◆ Task description
Leave the pictures aside. Retype exactly the lines from the top of the data below through the one holding "Hi, today's video".

◆ Supplied data
Content starts
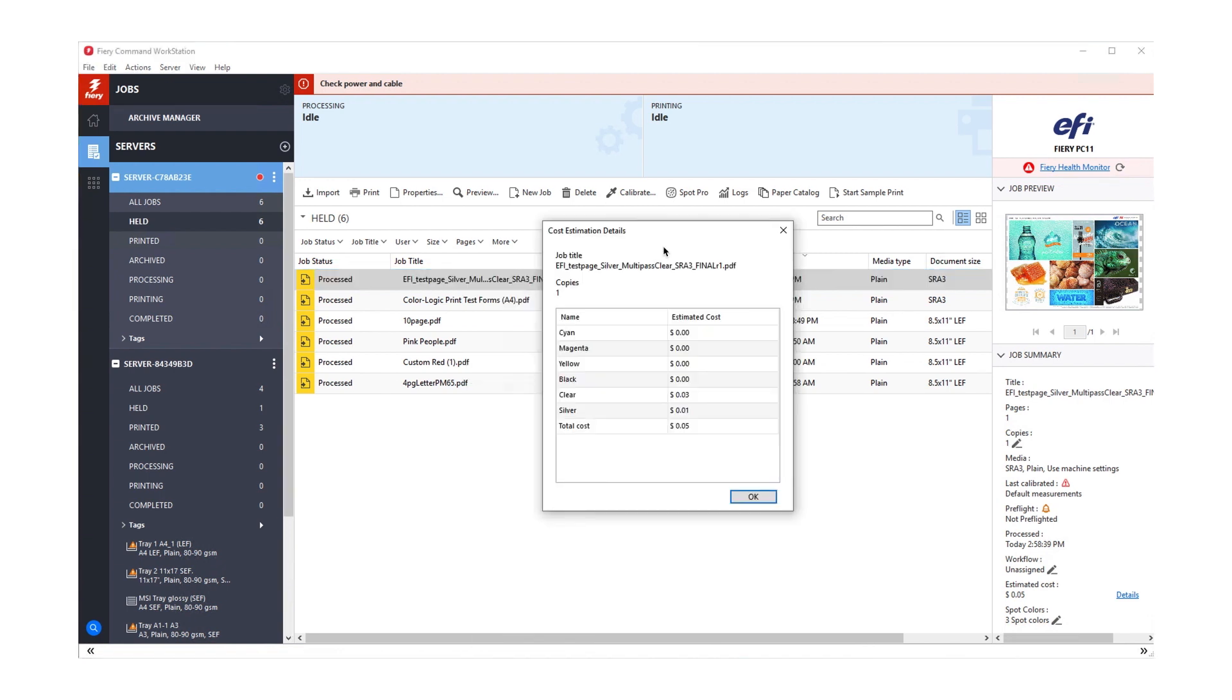You'll see the cost estimation for each available toner, as well as the total estimated toner cost for the job.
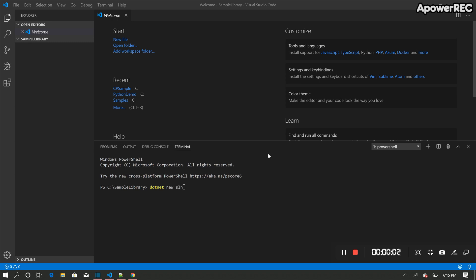Hi, today's video is about creating a simple .NET Core project in Visual Studio Code.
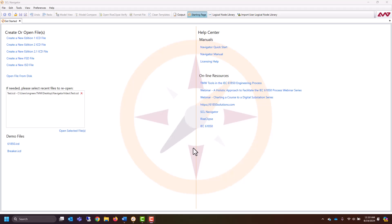In this video, we'll be going over SCL Navigator's features and functions to allow you to create, analyze, troubleshoot, and verify your SCL files for IEC 61850.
Content ends
◆ Task result
You'll see the cost estimation for each available toner, as well as the total estimated toner cost for the job.
Hi, today's video is about creating a simple .NET Core project in Visual Studio Code.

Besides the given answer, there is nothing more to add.